Try it | Give the records back in full, exactly as they read.

Records shown |
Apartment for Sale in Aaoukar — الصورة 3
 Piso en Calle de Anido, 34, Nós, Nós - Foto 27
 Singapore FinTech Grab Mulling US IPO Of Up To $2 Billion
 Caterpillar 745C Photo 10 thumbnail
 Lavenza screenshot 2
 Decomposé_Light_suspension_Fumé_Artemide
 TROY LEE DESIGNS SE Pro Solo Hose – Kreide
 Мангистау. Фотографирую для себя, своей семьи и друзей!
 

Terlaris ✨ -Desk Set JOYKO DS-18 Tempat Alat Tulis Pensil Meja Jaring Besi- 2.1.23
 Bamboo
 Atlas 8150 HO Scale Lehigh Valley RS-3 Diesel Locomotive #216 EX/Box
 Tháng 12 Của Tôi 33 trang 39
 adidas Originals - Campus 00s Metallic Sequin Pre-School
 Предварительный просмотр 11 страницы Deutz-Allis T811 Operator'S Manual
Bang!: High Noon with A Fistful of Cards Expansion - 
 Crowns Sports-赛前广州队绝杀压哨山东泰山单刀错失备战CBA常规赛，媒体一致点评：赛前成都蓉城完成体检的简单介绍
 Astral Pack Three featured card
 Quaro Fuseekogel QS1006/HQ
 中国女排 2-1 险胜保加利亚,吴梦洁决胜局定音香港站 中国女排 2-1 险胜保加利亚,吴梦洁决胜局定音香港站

Reply to the exercise |
Apartment for Sale in Aaoukar — الصورة 3
 Piso en Calle de Anido, 34, Nós, Nós - Foto 27
 Singapore FinTech Grab Mulling US IPO Of Up To $2 Billion
 Caterpillar 745C Photo 10 thumbnail
 Lavenza screenshot 2
 Decomposé_Light_suspension_Fumé_Artemide
 TROY LEE DESIGNS SE Pro Solo Hose – Kreide
 Мангистау. Фотографирую для себя, своей семьи и друзей!
 

Terlaris ✨ -Desk Set JOYKO DS-18 Tempat Alat Tulis Pensil Meja Jaring Besi- 2.1.23
 Bamboo
 Atlas 8150 HO Scale Lehigh Valley RS-3 Diesel Locomotive #216 EX/Box
 Tháng 12 Của Tôi 33 trang 39
 adidas Originals - Campus 00s Metallic Sequin Pre-School
 Предварительный просмотр 11 страницы Deutz-Allis T811 Operator'S Manual
Bang!: High Noon with A Fistful of Cards Expansion - 
 Crowns Sports-赛前广州队绝杀压哨山东泰山单刀错失备战CBA常规赛，媒体一致点评：赛前成都蓉城完成体检的简单介绍
 Astral Pack Three featured card
 Quaro Fuseekogel QS1006/HQ
 中国女排 2-1 险胜保加利亚,吴梦洁决胜局定音香港站 中国女排 2-1 险胜保加利亚,吴梦洁决胜局定音香港站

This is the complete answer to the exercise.